__What you have to do__:
The pictures in the listing below are to be skipped, while the lines between the line holding "So here's the" and the line holding "When pruning our", inclusive, are to be output exactly.

__The records__:

▼

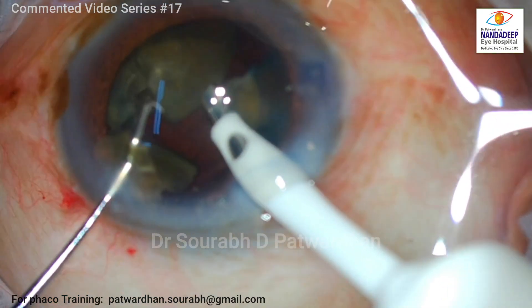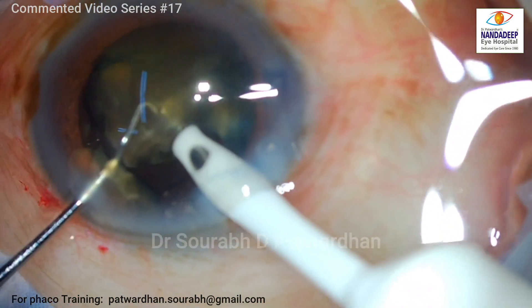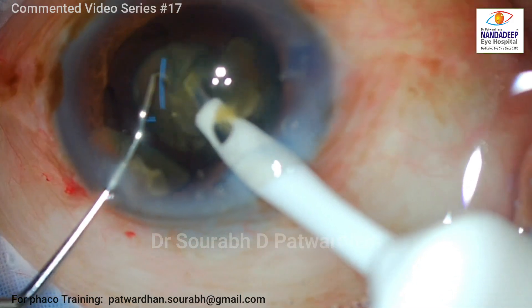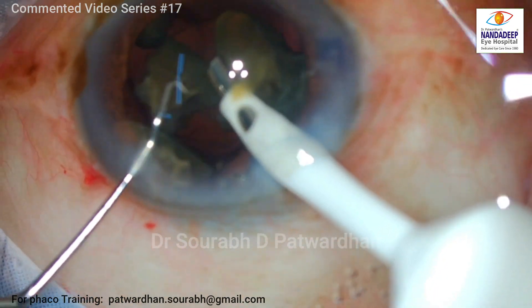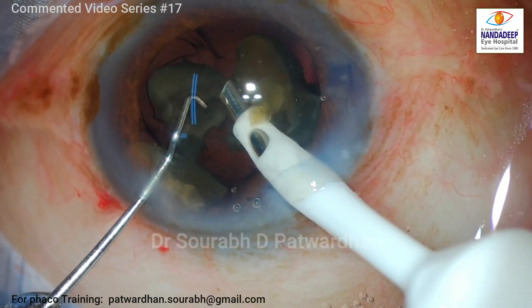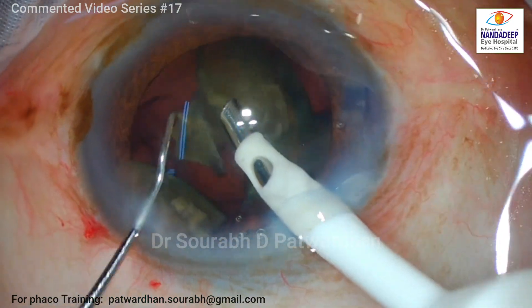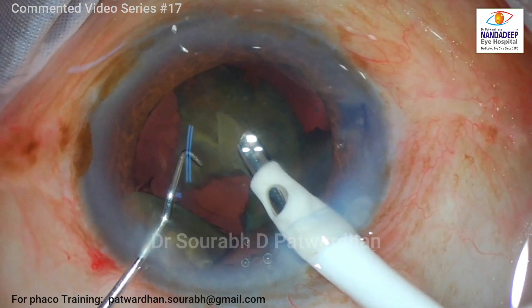Some surgeons advocate placing the IOL at the beginning to use it as a scaffold and then doing the emulsification — that is also a good approach, particularly for beginners. Now I am well set with these parameters and know how controlled the phaco energy is being delivered. The followability is quite good with these settings and there is no much chattering in Hyperburst mode with 11 millisecond burst width. The advantage of using burst mode is that very low energy is used, and there is no risk of corneal wound burn, which I am also closely monitoring because this machine uses longitudinal phaco power — it does not have torsional phaco. All the time we have to watch the posterior capsule and monitor for any fluctuations in the anterior chamber.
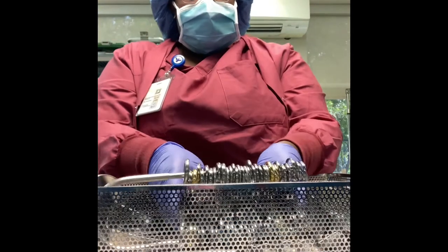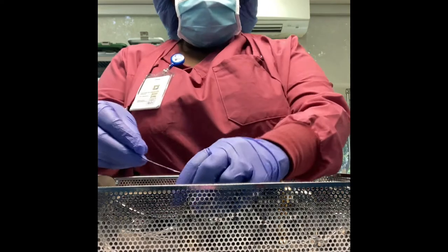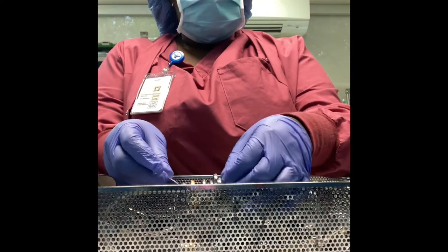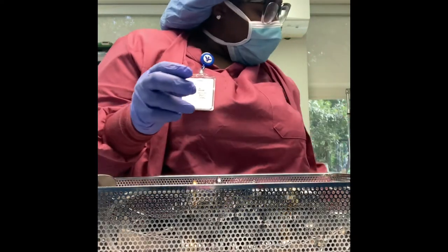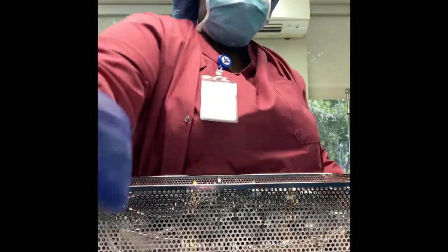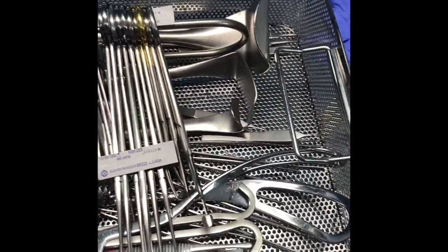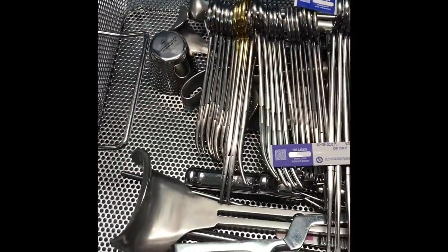Now that I'm finished with the tray, we're going to put the scissors on top, and then we cannot forget our indicator — if we do not put the indicator it is considered not sterile. The tray is nice and neat and ready to be packaged.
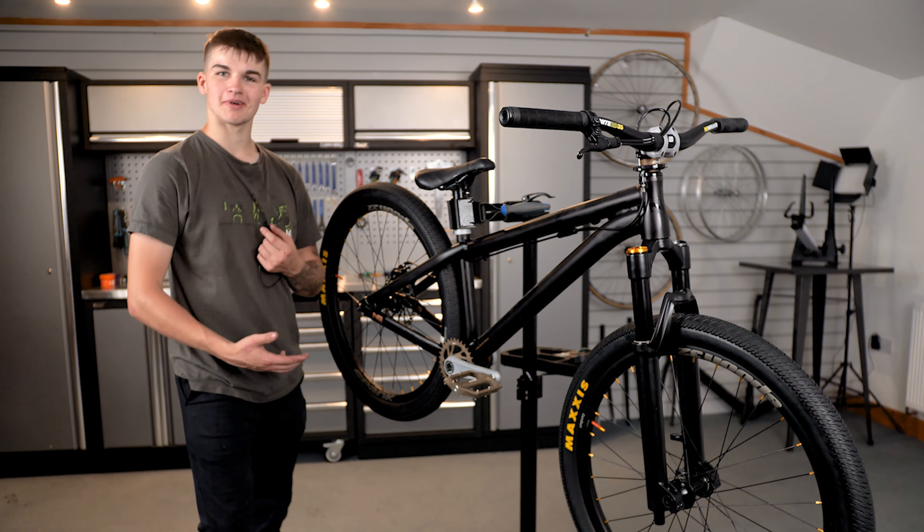He then had a fantastic qualifying run, qualifying in seventh place — superb considering what he'd just gone through in practice. On finals day he put in a brilliant first run, which I'll show you at the end of the video. Then on his second run, when he knew he had to up the game, unfortunately his bike malfunctioned — nothing to do with how Jake built it, it was a complete component failure. Well done Jake, that was an epic effort.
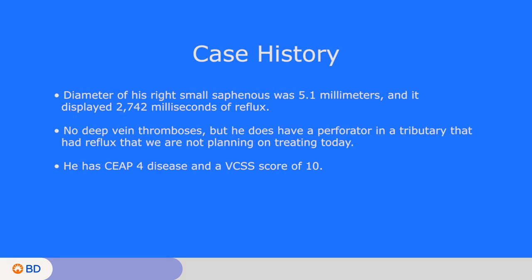On the ultrasound, the diameter of his right small saphenous was 5.1 millimeters and it displayed 2,742 milliseconds of reflux. He had no deep vein thromboses, and he did have a perforator and a tributary with reflux that we are not planning on treating today but have noted. He has C4 disease and a VCSS score of 10, and we will begin by touring you through the ultrasound anatomy.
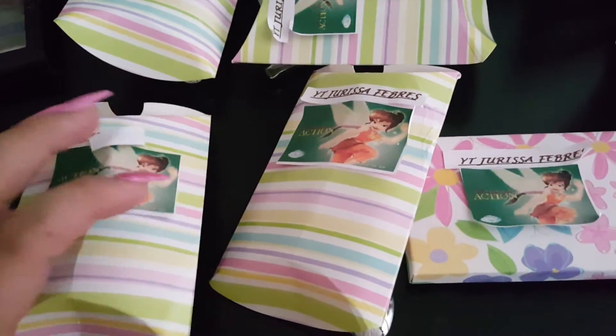Hey ladies, welcome to my channel. I'm doing a swap reveal for my Tinkerbell group swap and this is from Jerissa.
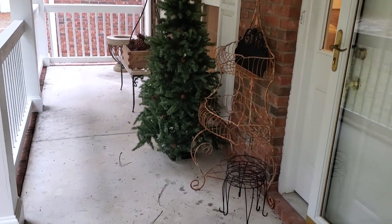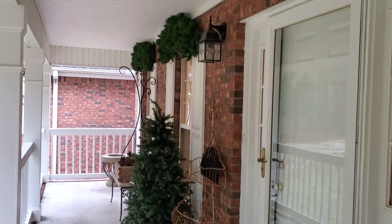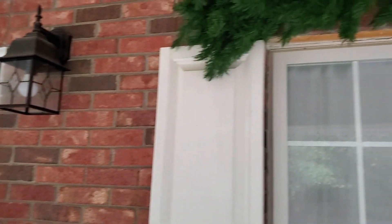Decorating the front porch will be an upcoming video. If you've been watching for a while you probably know we moved last year and purchased this home — it's just been a mess with so many unexpected repairs and costs. But we're enjoying the process, taking it slowly, doing things as you can afford them and as you have the time and energy.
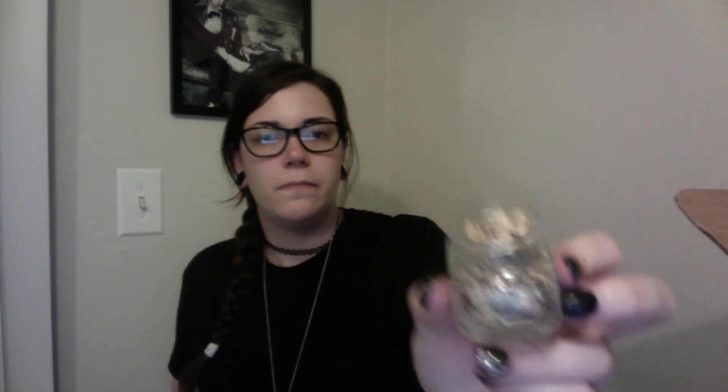Next we have our herb — this is butcher's broom root. Interesting, I don't think I've ever gotten this before. It smells woodsy. It's filled to the top — beautiful. I love these jars, awesome.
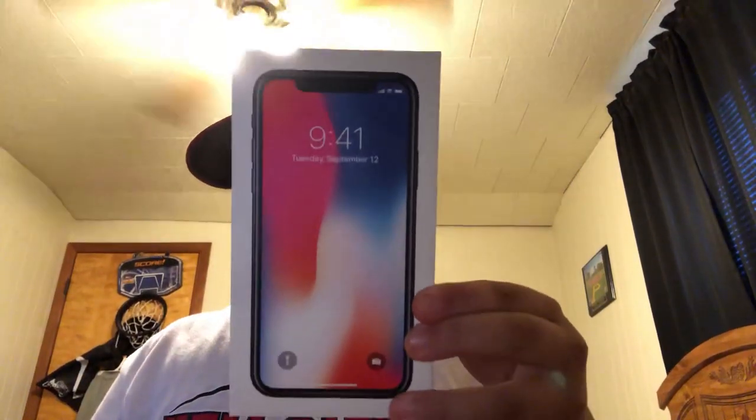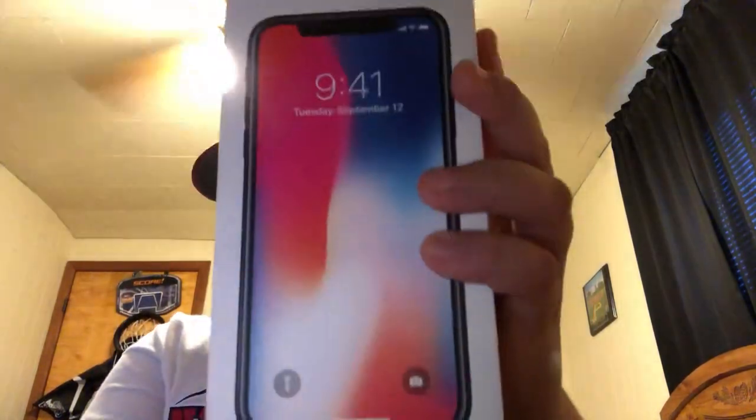So here's the iPhone X. It's a 256 gigabyte iPhone X, and we're going to be unboxing it on video. I really want to unbox it because we didn't do anything yet on the channel besides like ding dong ditching and stuff.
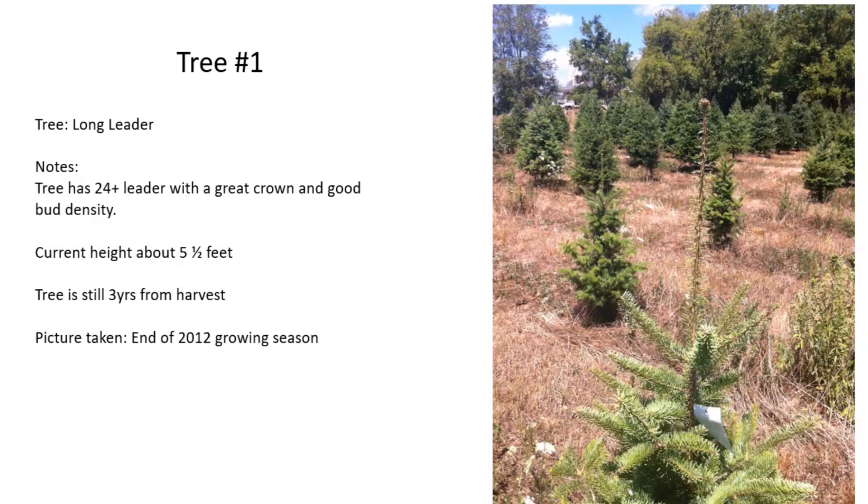When pruning our trees, every single tree is analyzed based on their unique qualities. I keep two things in mind: first, how many years until harvest — this tells me how long I have for the tree to fill in. Second, can I leave the crown on the tree? The tree knows how it wants to grow, and that crown holds the energy to tell the rest of the tree that it's the leader. After you cut the crown, that's when you start getting competing shoots. To evaluate whether I can leave the crown, I look at the stem's bud density and ask: will the leader produce enough side shoots to fill any holes? My rule of thumb is if there are at least two buds per inch, the tree will fill in. This tree had a 24-inch leader, was at least three years from harvest, and had a bud density of at least three buds per inch — so I left it alone.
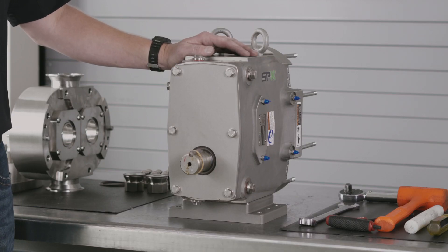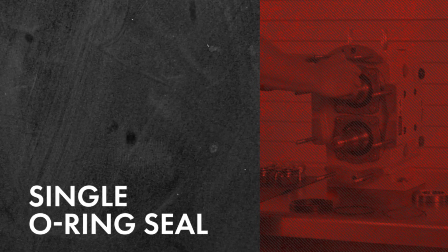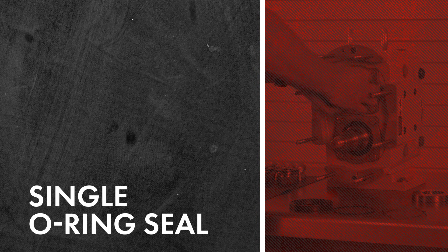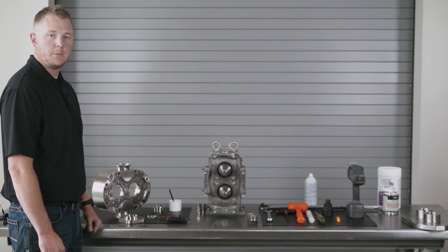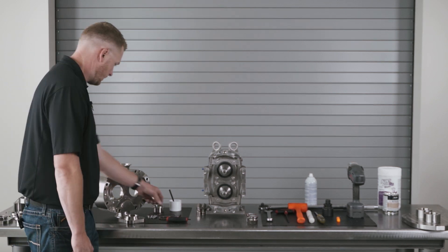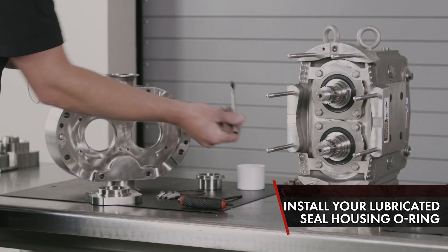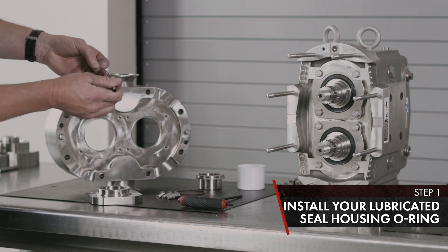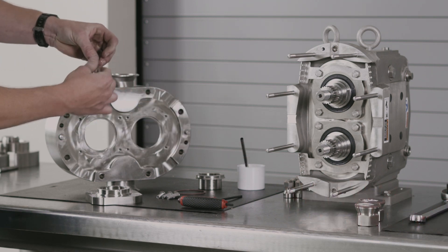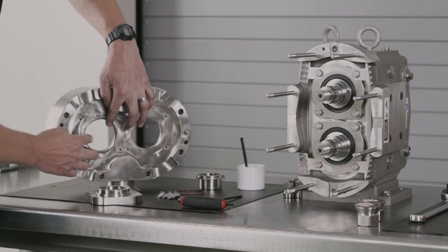That concludes the gear case assembly inspection on the Waukesha Universal 3 PD pump. Now we're going to go over the single O-ring seal on a Universal 3 PD pump. First, take your seal housing O-ring and the silicone-based lubricant, apply to the sealing surface and the O-ring. Once the O-ring is lubricated, install into position.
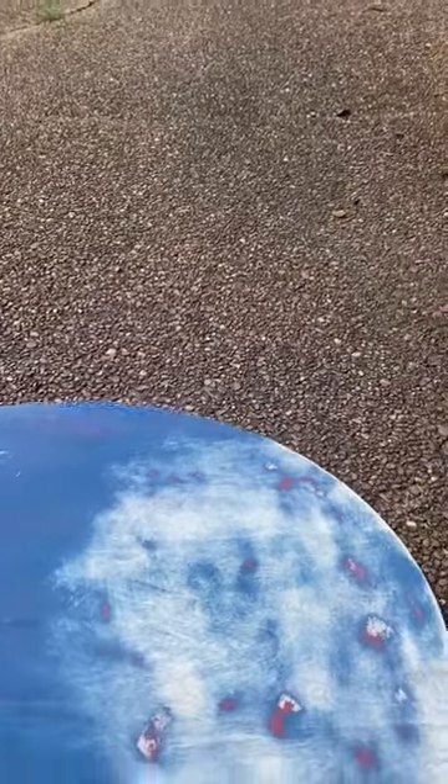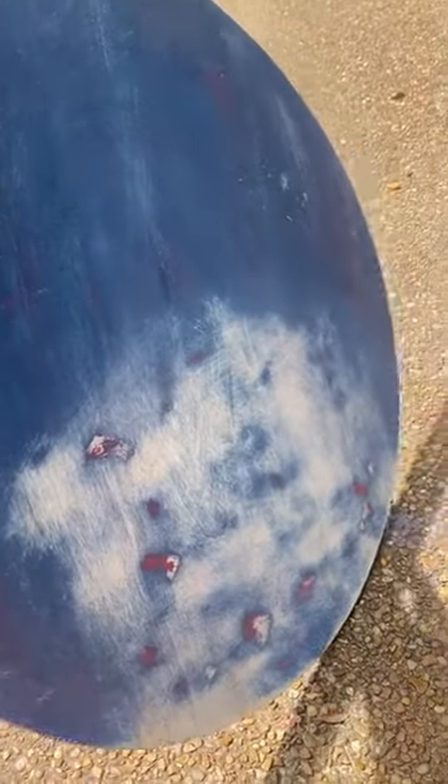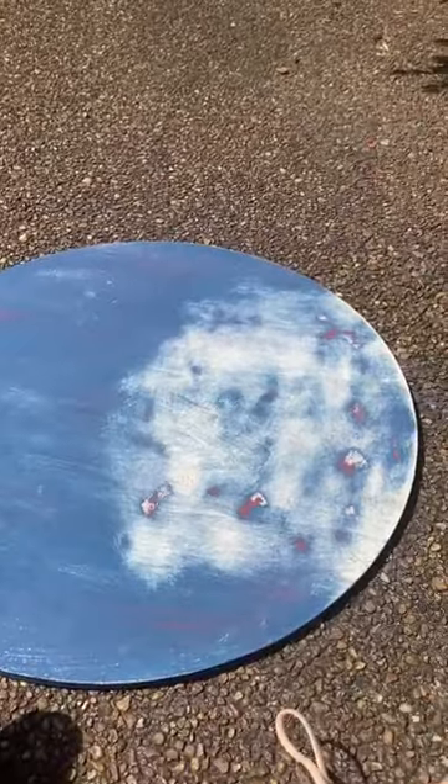Y'all know I can't go down without a fight, so I took this and did a 50 grit sandpaper and sanded the whole thing — the edges too — just to kind of give it a start-over point. I'm going to go back in and paint this.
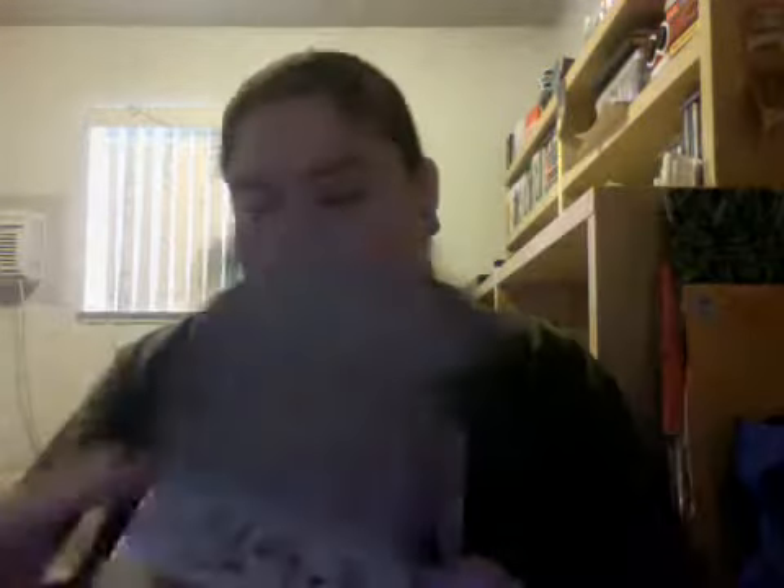Try not to cry — me, that is. Oh, wow. So, there it is in the box. That's pretty rad.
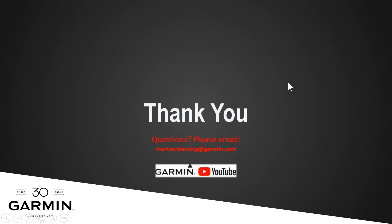Thank you for watching this webinar series. Hopefully this GFL10 webinar will be of assistance. If you have any questions, please contact us at marine.training.garmin.com, and visit our Garmin YouTube channel where we'll upload this video. Thank you very much — get out on the water.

▲

__Solution for this task__:
So here's the iPhone X. It's a 256 gigabyte iPhone X, and we're going to be unboxing it on video. I really want to unbox it because we didn't do anything yet on the channel besides like ding dong ditching and stuff.
When pruning our trees, every single tree is analyzed based on their unique qualities. I keep two things in mind: first, how many years until harvest — this tells me how long I have for the tree to fill in. Second, can I leave the crown on the tree? The tree knows how it wants to grow, and that crown holds the energy to tell the rest of the tree that it's the leader. After you cut the crown, that's when you start getting competing shoots. To evaluate whether I can leave the crown, I look at the stem's bud density and ask: will the leader produce enough side shoots to fill any holes? My rule of thumb is if there are at least two buds per inch, the tree will fill in. This tree had a 24-inch leader, was at least three years from harvest, and had a bud density of at least three buds per inch — so I left it alone.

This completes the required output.